[Opening INPUT DATA section]

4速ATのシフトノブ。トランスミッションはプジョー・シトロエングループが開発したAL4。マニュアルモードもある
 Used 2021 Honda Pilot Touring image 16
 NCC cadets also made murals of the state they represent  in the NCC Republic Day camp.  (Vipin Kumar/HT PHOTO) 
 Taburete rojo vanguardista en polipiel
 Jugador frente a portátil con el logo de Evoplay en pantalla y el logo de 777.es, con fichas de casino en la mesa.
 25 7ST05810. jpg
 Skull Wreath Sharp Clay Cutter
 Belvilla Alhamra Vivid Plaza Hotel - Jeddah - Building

[Closing INPUT DATA section]

:: TASK OBJECTIVE ::
Could you give the records again, exactly as they appear?

:: EXERCISE OUTPUT ::
4速ATのシフトノブ。トランスミッションはプジョー・シトロエングループが開発したAL4。マニュアルモードもある
 Used 2021 Honda Pilot Touring image 16
 NCC cadets also made murals of the state they represent  in the NCC Republic Day camp.  (Vipin Kumar/HT PHOTO) 
 Taburete rojo vanguardista en polipiel
 Jugador frente a portátil con el logo de Evoplay en pantalla y el logo de 777.es, con fichas de casino en la mesa.
 25 7ST05810. jpg
 Skull Wreath Sharp Clay Cutter
 Belvilla Alhamra Vivid Plaza Hotel - Jeddah - Building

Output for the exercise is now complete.